Monday, April 20, 2009

Cutwork Applique - Step 2

These steps follow the basic ones I learned in Elly Sienkiewicz's book Baltimore Beauties & Beyond. And yes, I had to dig the book out and refresh my memory. Step one is to make the freezer paper pattern (see this post). Next, cut your background squares. I cut these at 9 inches to give me wiggle room for squaring them up to 8-1/2" after appliqueing.

Then cut the same size square from your applique fabric. This batik is a recent acquisition, proving that it is important to purchase fabric when it catches your eye, even if you have no immediate plans for it. This one goes nicely with the batik the row owner is using for sashing. Elly's book is open to the page instructing me to press diagonal lines into the fabric square.

The lines help perfectly center the freezer paper pattern on the square - just line up the diagonal creases in the paper with those on the fabric. The waxy side is placed face down on the right side of the fabric. The iron creates a temporary bond between the two. If the freezer paper isn't adhering as firmly as you'd like, try using a hard surface covered with aluminum foil under it. I've covered an extra shelf with foil and it works well.

If you've never tried it, you may doubt that the edge of freezer paper would be thick enough or firm enough to use as a tracing guide but it is. Use any kind of marking pencil that shows up. If you're feeling really confident, you may even mark around the freezer paper with a permanent fine line pen like a Pigma Micron pen. I'm not that brave...or confident that I will be able to turn under the edge of the applique consistently enough to hide the line.

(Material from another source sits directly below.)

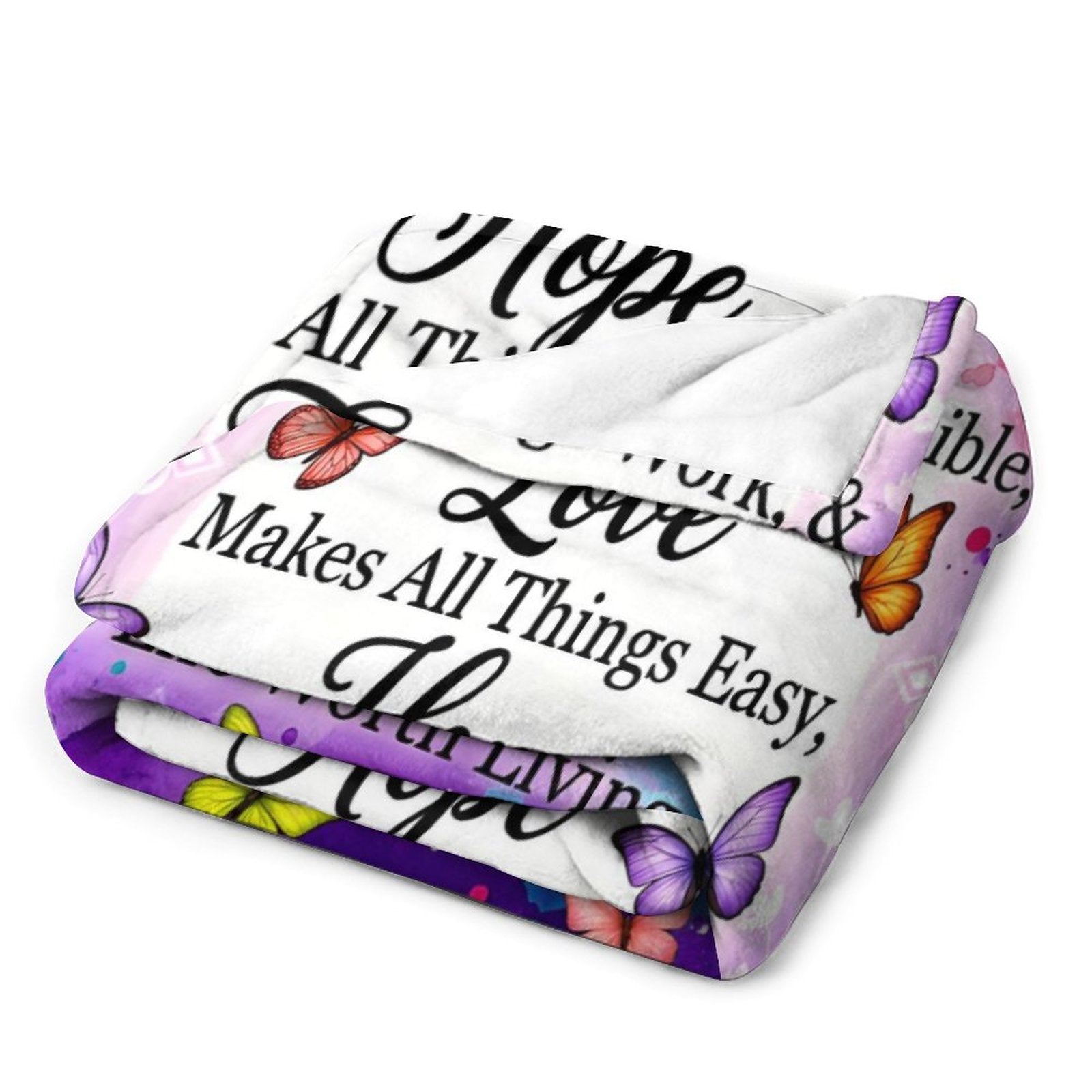 Faith Love Hope Family Christian Flannel Blanket (50"×60") - ClaimedbyGodDesigns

The freezer paper leaves no residue when you pull it away to reveal your markings. Sometimes a single pencil color will not show up everywhere on your fabric. If you look closely at the upper left, you can see that I marked that inner oval with regular pencil.

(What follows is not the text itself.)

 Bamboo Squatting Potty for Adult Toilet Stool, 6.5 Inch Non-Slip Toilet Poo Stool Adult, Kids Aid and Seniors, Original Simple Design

Now that your pattern is transferred to your fabric, layer it onto the background square and use small safety pins to hold the two together. One at each corner and one in the center inserted from the back is all you need. I know that too is hard to believe, but in this method, you use three sequin pins around the immediate area you are appliqueing, moving them as you stitch, and it's all you need for this kind of applique. Yeah! No basting!